Barutcuoglu et al. [31] also use a set of independent classifiers, whose predictions are combined using a Bayes network defined based on the GO hierarchy. In the methods recommended by both [30] and [31], the individual classifiers are built independently. Although the classifiers are modified to become consistent, it is more natural to model classes simultaneously. Many authors have shown that learning a set of related tasks at the same time will improve the performance of models (e.g., [32, 33]). King et al. [3] attempted to use the additional information from the hierarchical structure of gene functional classes by simply using different decision tree models for each level of the hierarchy. Clare and King [34] investigated a modified decision tree model, in which assignment of a functional class to a node in the decision tree implies membership of all its parent classes. They evaluated this method based on Saccharomyces cerevisiae data and found that the modified version is sometimes better than the non-hierarchical model and sometimes worse. Blockeel et al. [35] suggested an alternative modification of decision trees for hierarchical classification models. Their model uses a distance-based measure, where distances are derived from the hierarchy. Struyf et al. [36] followed the same idea but advocated a different distance measure, which is easier to interpret and is guaranteed to be positive. They evaluated their approach based on different datasets available for Saccharomyces cerevisiae, and showed that their model has better precision than the hierarchical C4.5 model proposed by [34].

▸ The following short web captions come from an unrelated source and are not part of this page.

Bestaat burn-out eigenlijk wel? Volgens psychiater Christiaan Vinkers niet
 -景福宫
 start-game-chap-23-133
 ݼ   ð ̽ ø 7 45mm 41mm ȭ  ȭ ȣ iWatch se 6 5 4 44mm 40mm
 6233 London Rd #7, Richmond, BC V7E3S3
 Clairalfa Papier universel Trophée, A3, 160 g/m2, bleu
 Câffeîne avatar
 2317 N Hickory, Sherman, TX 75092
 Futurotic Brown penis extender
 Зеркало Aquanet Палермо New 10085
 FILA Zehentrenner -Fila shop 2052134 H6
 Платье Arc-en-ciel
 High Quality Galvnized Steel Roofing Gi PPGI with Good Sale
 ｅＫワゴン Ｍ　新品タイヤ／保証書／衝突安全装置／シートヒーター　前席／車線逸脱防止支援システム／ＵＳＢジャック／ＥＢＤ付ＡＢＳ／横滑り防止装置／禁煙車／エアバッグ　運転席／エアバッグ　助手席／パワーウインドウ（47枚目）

In a previous paper [37], we introduced an alternative Bayesian framework for modelling hierarchical classes. This method, henceforth called corMNL, uses a Bayesian form of the multinomial logit model (MNL), with a prior that introduces correlations between the parameters for classes that are nearby in the tree. We also discussed an alternative hierarchical model that uses the hierarchy to define a set of nested multinomial logit models, which we refer to as treeMNL. In this paper, we apply these methods (described further below in the methods section) to the gene function classification problem.

Results and discussion

We used our Bayesian MNL, treeMNL and corMNL models to predict the functional class of Open Reading Frames (ORFs) from the E. coli genome. E. coli is a good organism for testing our method since many of its gene functions have been identified through direct experiments. We used the pre-processed data provided by [3]. This dataset contains 4289 ORFs identified by [38]. Only 2122 of these ORFs, for which the function was known in 2001, are used in our analysis. The functional hierarchy for these proteins is provided by [39]. This hierarchy has three levels, with the most general classes at level 1 and the most specific classes at level 3. For example, lipoate-protein ligase A (lplA) belongs to class 'Macromolecule metabolism' at level 1, to class 'Macromolecule synthesis, modification' at level 2, and to class 'Lipoprotein' at level 3. After excluding categories 0 and 7 at level 1, the data we used had 6 level 1 categories, 20 level 2 categories, and 146 level 3 categories.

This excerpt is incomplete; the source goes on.